◆ **Required work**: Exactly as written, copy every line from the one containing "https://ru.abna24.com/xhWdH" through the end of the records, with the pictures left out.

◆ **Web page caption snippets**:
——————————

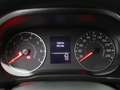 Renault Express 1.5DCi Comfort + Edition | Navigatie | Camera | Tr Noir - thumbnail 9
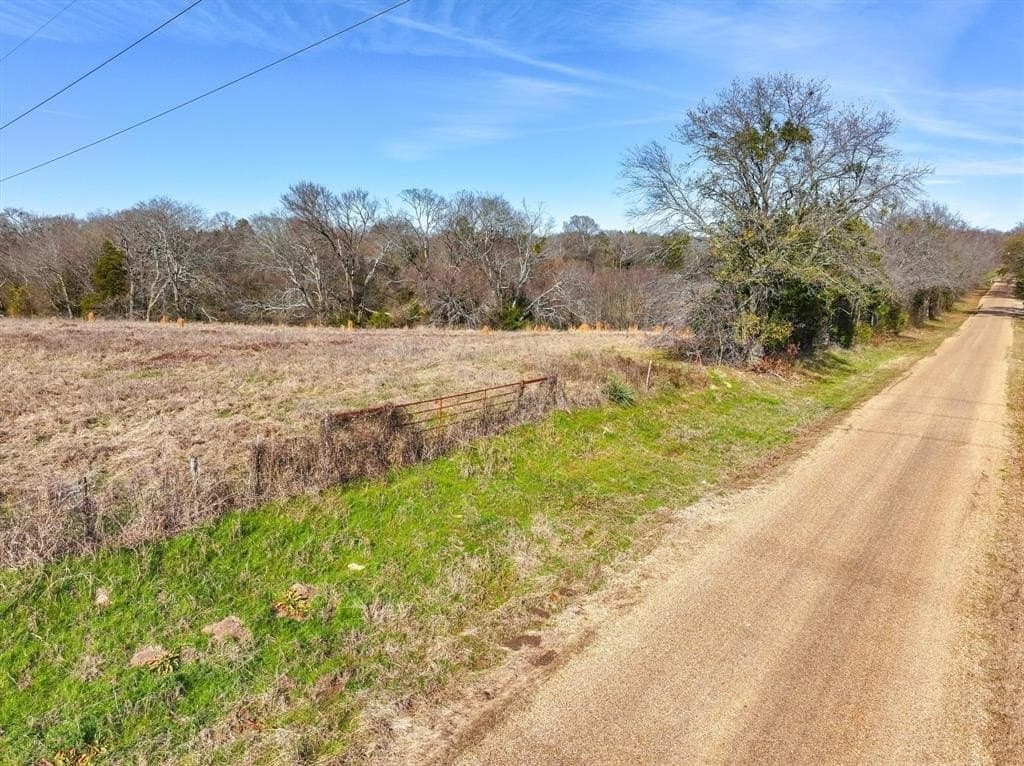 23.94 acres in Van Zandt County - photo 3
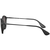Ray-Ban Naočare za sunce RB 4243 622/8G
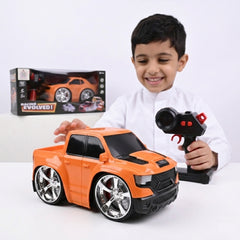 jb-008-913a-orange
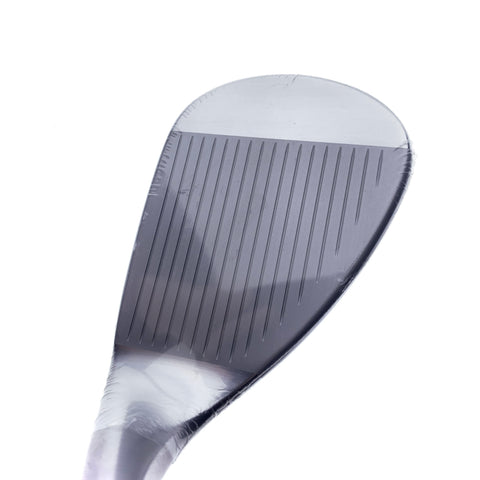 NEW Titleist SM11 Tour Chrome Lob Wedge / 60.0 Degrees / Wedge Flex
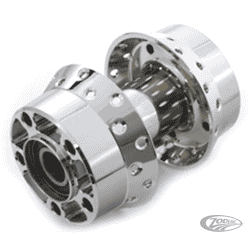 MOZZI RUOTA ANTERIORI E POSTERIORI 2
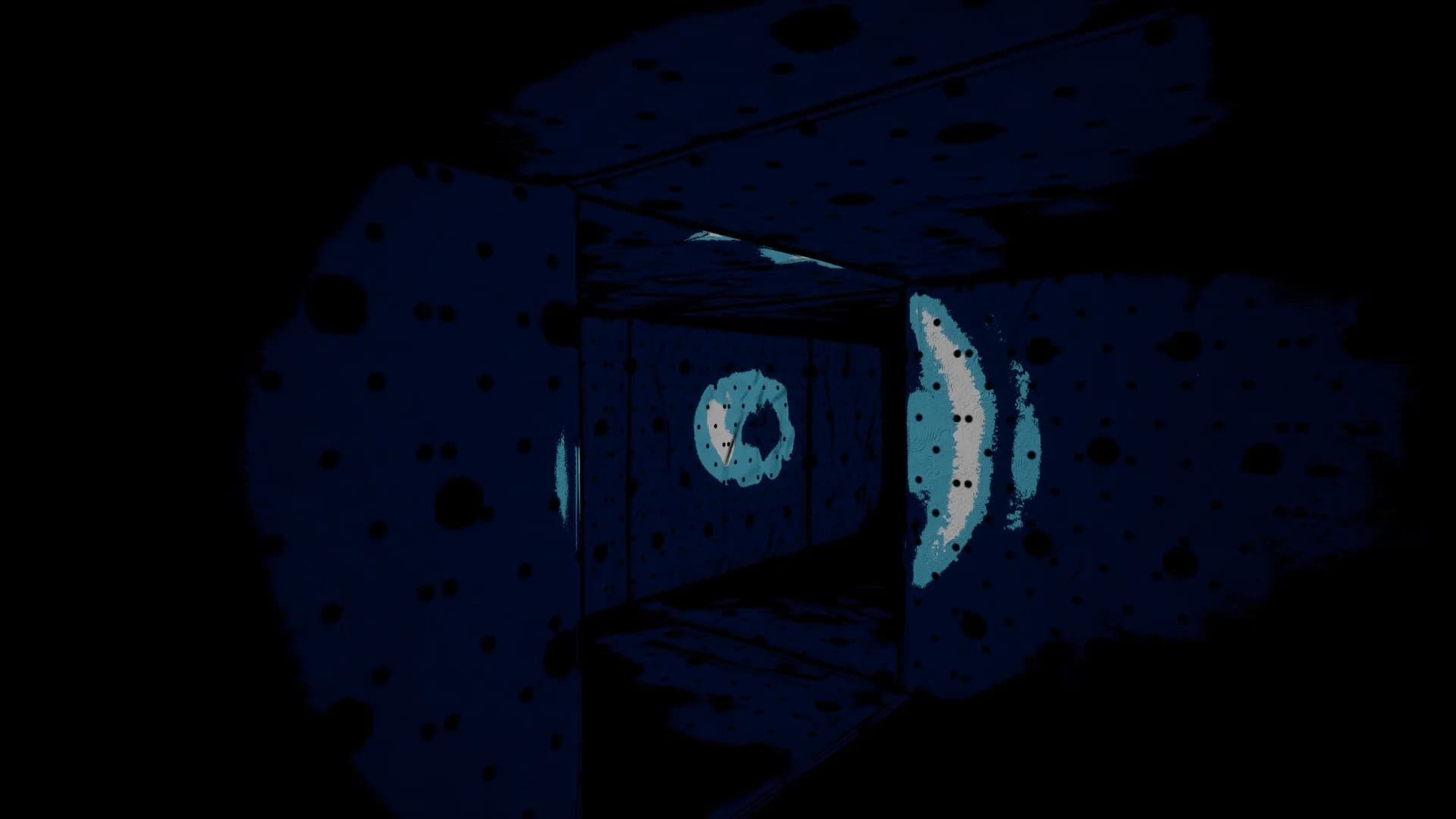 You had a bad dream görsel 13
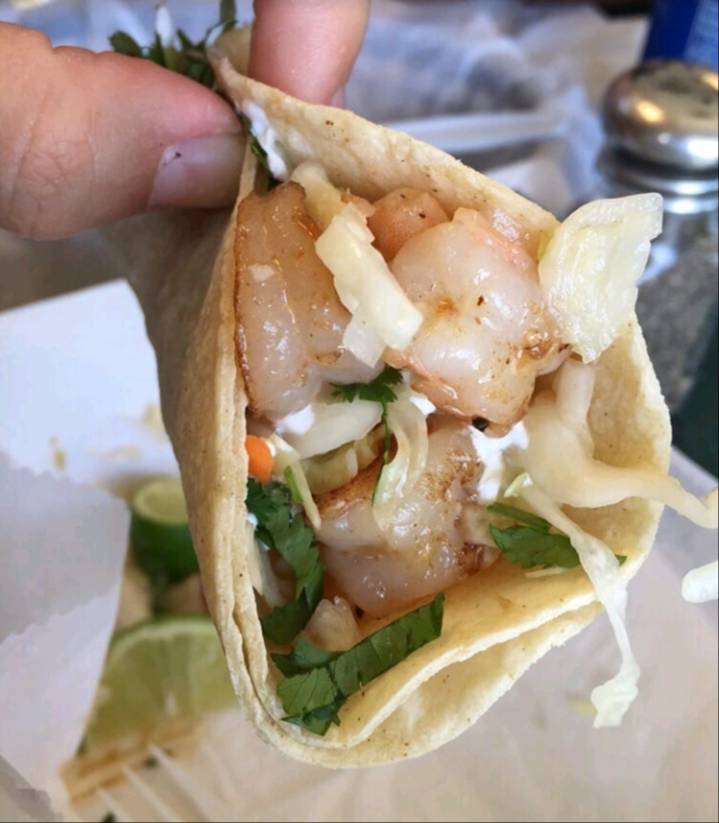 Chavelas Kitchen | restaurant | 374 Merchant St, Vacaville, CA 95688, USA | 7074460111 OR +1 707-446-0111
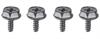 Locknut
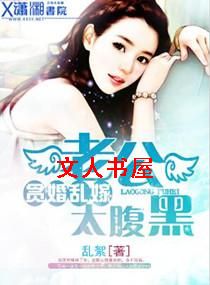 ̰���Ҽ�֮�Ϲ�̫����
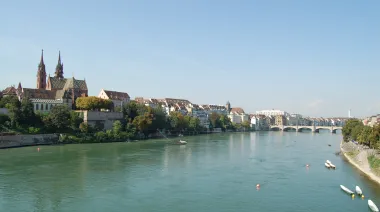 Misterio en Liechtenstein: cuatro muertos de una misma familia sacuden al país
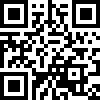 https://ru.abna24.com/xhWdH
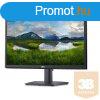 DELL LCD Monitor 21,5" E2222H FHD 19201080, VA 16:9 30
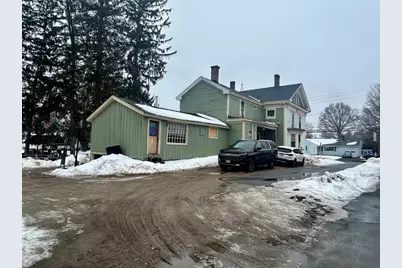 336 Main St, Easthampton, MA 01027 - Photo 4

——————————

◆ **Solution**:
 https://ru.abna24.com/xhWdH
 DELL LCD Monitor 21,5" E2222H FHD 19201080, VA 16:9 30
 336 Main St, Easthampton, MA 01027 - Photo 4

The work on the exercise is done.